No NPM_TOKEN repository secret is required for the current workflow. If Trusted Publishing is not configured, the publish step fails authentication until an npm package owner adds the GitHub Actions trusted publisher in npm package settings.

Release Steps

  1. Update cli/package.json so version is the exact version you intend to publish.
  2. Commit the version bump, and include any CLI docs or changelog updates that should ship with that version.
  3. After the release commit is on main or the intended release ref, create a tag named cli-vX.Y.Z, where X.Y.Z exactly matches cli/package.json:
    git tag cli-vX.Y.Z
    
  4. Push the tag:
    git push origin cli-vX.Y.Z
    
  5. Watch the Publish CLI to npm workflow. It runs the CLI tests, verifies the tag version matches cli/package.json, and publishes with provenance.
The version-match guard is strict: cli-v0.1.3 only publishes when cli/package.json also says "version": "0.1.3".

Dry Run

Use the manual workflow_dispatch trigger with dry_run: true when you want to validate the package tarball without publishing. The workflow runs from cli/ and executes npm pack --dry-run. Use dry_run: false only when you intentionally want the manual workflow path to publish. Tag-triggered releases remain the normal path because the tag name is the release contract.
dry_run: false skips the version-match guard. That check is gated to tag pushes (if: startsWith(github.ref, 'refs/tags/cli-v')), so a manual workflow_dispatch publish runs without verifying cli/package.json against any tag — it publishes whatever version the package currently declares.
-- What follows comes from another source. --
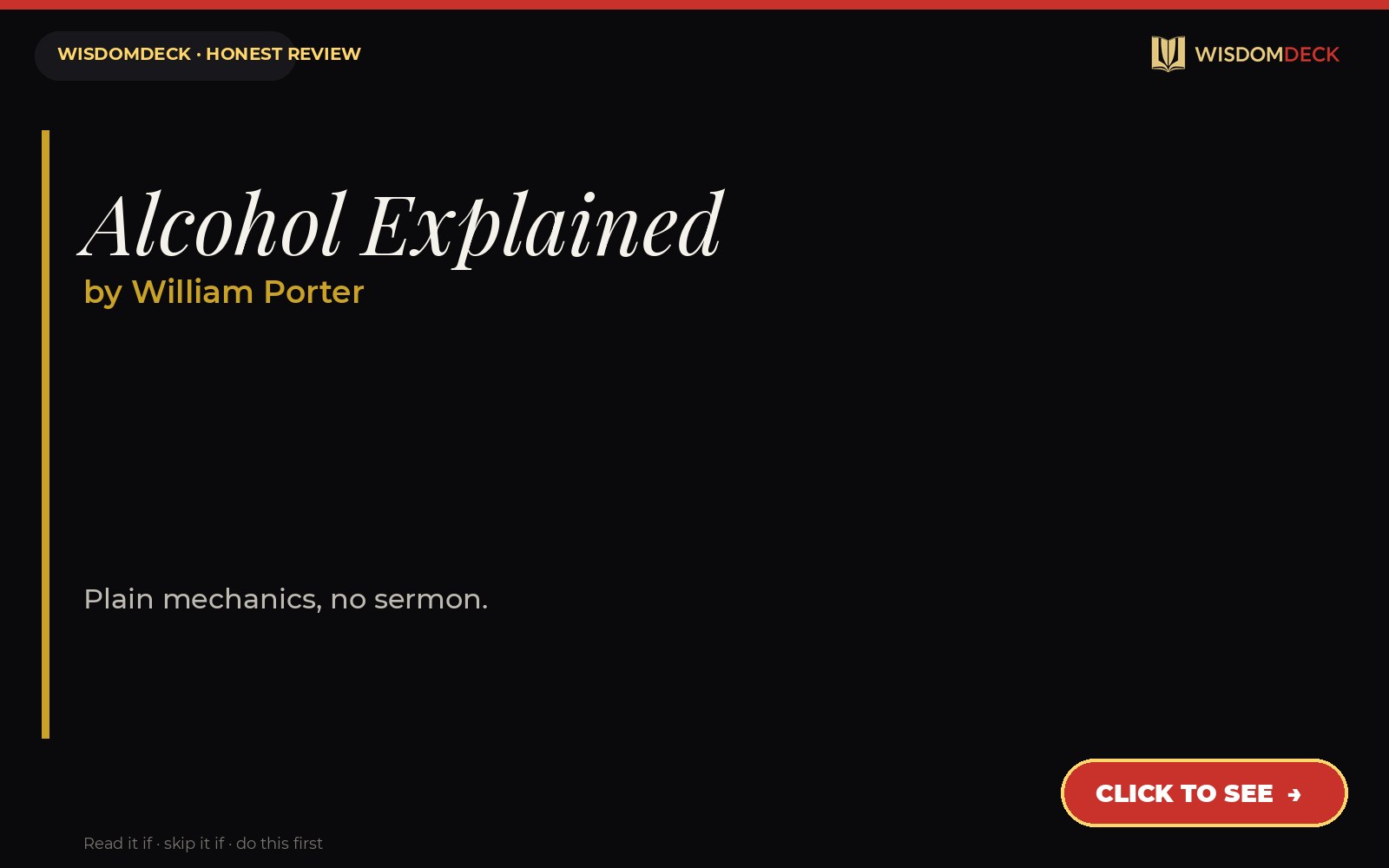Alcohol Explained by William Porter — WisdomDeck honest review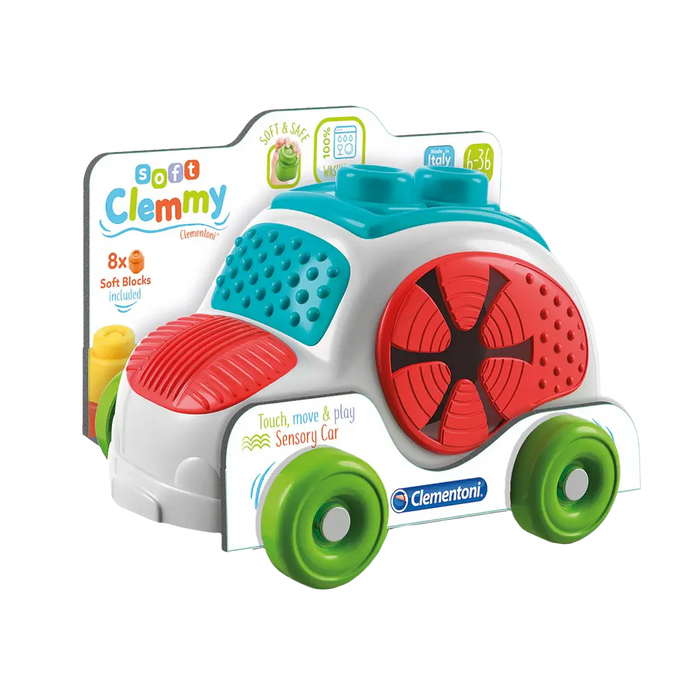 Clementoni Soft Clemmy Sensory Car with Soft Blocks – Baby Sensory Toy 6M+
Prefer the tag-triggered path above, which enforces the match; use manual dry_run: false only as a deliberate escape hatch after confirming the version by hand.

Failure Checklist

SymptomLikely causeFix
Version-match step failsThe cli-v* tag does not match cli/package.jsonDelete or supersede the bad tag, bump or correct the package version, then push the matching tag
Publish step fails authenticationnpm Trusted Publishing is missing or points at the wrong workflow/repositoryConfigure the package trusted publisher for this repo and .github/workflows/publish-cli.yml
CLI tests failThe package is not release-readyFix cli/, rerun tests locally, commit, and push a new release tag
After the workflow succeeds, confirm the new version appears on npm and that npx worldmonitor --version resolves to the published version.